In almost the same way that Hemingway had written many years before her, McLain makes reference to the affair with Pauline that insidiously evolved in Hadley’s home and almost under her nose. The writing in  McLain’s Preface to The Paris Wife seems like an extension of the comments that Hemingway made about his adulterous relationship with Pauline, and in that regard, I believe that McLain has produced an excellent example of historical fiction–one that is worthy of studyingmore carefully.

Quotes from The Paris Wife

“This isn’t a detective story–not hardly.
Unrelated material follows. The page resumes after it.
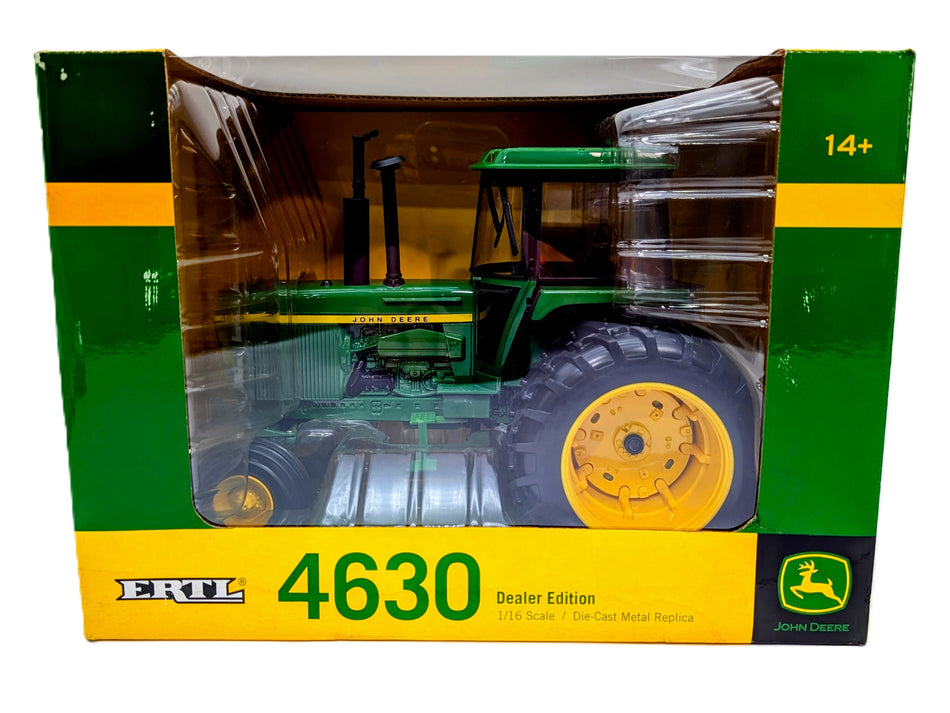 1/16 John Deere 4630 Tractor With Dual Rear Wheels, Dealer Edition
I don’t want to say, Keep watch for the girl who will come along and ruin everything, but sh’s coming anyway, set on her course in a gorgeous chipmunk coat and fine shoes, her sleek brown hair bobbed so close to her well-made head she’ll seem like a pretty otter in my kitchen. Her easy smile. Her fast smart talk [p. xi] … Ernest will read his book and care nothing for her. Not at first. And the tea will boil in the teapot, and I’ll tell a story about a girl she and I both knew a hundred years ago in St. Louis, and we’ll feel like quick and natural friends while across the yard, in the sawmill, a dog will start barking and keep barking and he won’t stop for anything.” McLain, Paula. The Paris Wife, pgs. xi-xii.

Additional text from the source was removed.